Your answer should be every line from the records that contains "Semi".

### [Exercise data]
[Start of Attachment]

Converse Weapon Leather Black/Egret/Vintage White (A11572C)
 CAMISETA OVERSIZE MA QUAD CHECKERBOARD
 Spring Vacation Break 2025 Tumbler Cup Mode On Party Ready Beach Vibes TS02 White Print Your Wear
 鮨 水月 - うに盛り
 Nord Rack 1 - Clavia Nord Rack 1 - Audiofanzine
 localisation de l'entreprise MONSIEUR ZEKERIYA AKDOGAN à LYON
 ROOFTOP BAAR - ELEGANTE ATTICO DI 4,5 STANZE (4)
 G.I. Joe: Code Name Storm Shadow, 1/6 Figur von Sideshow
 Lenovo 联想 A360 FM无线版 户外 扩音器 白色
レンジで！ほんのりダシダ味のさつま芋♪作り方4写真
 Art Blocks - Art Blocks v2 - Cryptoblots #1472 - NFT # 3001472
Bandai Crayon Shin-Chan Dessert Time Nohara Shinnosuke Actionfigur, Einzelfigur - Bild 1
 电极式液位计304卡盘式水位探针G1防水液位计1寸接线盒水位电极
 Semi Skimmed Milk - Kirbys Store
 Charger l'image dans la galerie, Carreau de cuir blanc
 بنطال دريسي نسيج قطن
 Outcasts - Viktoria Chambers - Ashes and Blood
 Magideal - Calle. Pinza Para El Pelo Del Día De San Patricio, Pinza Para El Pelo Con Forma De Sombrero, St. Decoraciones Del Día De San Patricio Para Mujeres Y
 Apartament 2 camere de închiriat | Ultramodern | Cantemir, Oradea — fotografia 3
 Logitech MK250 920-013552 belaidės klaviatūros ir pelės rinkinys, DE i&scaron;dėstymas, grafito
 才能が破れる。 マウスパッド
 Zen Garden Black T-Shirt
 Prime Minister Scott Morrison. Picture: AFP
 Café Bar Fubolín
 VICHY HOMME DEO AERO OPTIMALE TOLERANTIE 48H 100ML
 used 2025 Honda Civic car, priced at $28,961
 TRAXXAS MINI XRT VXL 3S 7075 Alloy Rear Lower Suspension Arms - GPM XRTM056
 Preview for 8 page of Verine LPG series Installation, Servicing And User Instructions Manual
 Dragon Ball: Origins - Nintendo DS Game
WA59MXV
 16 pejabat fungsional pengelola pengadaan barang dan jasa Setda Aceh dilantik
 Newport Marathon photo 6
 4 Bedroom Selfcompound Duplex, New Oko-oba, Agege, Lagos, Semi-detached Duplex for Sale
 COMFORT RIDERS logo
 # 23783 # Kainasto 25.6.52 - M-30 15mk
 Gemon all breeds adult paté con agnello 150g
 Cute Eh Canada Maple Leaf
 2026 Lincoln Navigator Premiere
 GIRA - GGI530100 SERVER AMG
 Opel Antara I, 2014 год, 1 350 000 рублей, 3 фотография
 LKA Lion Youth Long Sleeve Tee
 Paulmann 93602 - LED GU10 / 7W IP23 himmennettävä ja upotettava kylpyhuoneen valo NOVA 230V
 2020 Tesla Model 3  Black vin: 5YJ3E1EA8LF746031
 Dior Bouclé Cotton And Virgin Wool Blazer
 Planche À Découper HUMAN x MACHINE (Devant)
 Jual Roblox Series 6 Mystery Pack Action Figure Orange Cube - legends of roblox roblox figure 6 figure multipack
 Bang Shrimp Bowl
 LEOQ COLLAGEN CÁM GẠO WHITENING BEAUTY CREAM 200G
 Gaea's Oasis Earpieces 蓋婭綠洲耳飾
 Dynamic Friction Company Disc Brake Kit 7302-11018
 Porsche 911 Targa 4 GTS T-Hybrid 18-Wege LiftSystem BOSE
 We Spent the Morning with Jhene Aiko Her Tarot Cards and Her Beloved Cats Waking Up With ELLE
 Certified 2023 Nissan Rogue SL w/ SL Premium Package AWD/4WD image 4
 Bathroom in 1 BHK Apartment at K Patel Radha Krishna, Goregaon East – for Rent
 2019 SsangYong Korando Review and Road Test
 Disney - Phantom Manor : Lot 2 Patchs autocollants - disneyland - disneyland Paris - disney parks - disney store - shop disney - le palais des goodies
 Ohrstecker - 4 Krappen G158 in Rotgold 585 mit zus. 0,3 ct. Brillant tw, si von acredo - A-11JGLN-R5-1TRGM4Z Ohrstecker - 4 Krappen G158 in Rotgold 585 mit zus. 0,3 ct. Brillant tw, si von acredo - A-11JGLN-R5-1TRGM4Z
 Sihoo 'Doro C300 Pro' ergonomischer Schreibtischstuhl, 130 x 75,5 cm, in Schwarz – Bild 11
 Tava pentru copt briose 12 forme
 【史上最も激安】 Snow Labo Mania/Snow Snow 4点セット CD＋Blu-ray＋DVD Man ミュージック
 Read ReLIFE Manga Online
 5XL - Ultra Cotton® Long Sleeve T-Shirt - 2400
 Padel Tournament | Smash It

[End of Attachment]

### [Written solution]
 Semi Skimmed Milk - Kirbys Store
 4 Bedroom Selfcompound Duplex, New Oko-oba, Agege, Lagos, Semi-detached Duplex for Sale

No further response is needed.